> **What to do**: Find the line containing "Nossa Casa Estúdio" in the listing below. Repeat it exactly, along with each following line up to and including the one containing "３００円」@麺’s BAR 〆一の写真".

> **Source material**:
####

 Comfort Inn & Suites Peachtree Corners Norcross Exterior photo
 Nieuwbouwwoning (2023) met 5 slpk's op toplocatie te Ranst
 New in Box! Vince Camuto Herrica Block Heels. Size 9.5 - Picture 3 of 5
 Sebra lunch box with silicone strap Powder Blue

####

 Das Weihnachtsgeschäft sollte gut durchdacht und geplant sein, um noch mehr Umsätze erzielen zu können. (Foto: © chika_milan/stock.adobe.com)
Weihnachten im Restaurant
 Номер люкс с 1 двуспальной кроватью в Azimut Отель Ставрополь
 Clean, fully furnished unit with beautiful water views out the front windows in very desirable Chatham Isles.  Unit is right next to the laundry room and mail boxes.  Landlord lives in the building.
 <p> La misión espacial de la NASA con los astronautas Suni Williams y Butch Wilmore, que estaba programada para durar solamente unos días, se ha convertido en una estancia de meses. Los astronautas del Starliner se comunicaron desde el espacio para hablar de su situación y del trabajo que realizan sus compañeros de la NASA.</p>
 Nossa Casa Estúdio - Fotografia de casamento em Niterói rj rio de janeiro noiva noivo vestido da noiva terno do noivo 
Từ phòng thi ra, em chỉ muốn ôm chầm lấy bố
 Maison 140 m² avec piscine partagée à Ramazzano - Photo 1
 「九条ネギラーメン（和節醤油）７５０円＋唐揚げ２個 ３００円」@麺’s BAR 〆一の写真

####

> **Solution below**:
 Nossa Casa Estúdio - Fotografia de casamento em Niterói rj rio de janeiro noiva noivo vestido da noiva terno do noivo 
Từ phòng thi ra, em chỉ muốn ôm chầm lấy bố
 Maison 140 m² avec piscine partagée à Ramazzano - Photo 1
 「九条ネギラーメン（和節醤油）７５０円＋唐揚げ２個 ３００円」@麺’s BAR 〆一の写真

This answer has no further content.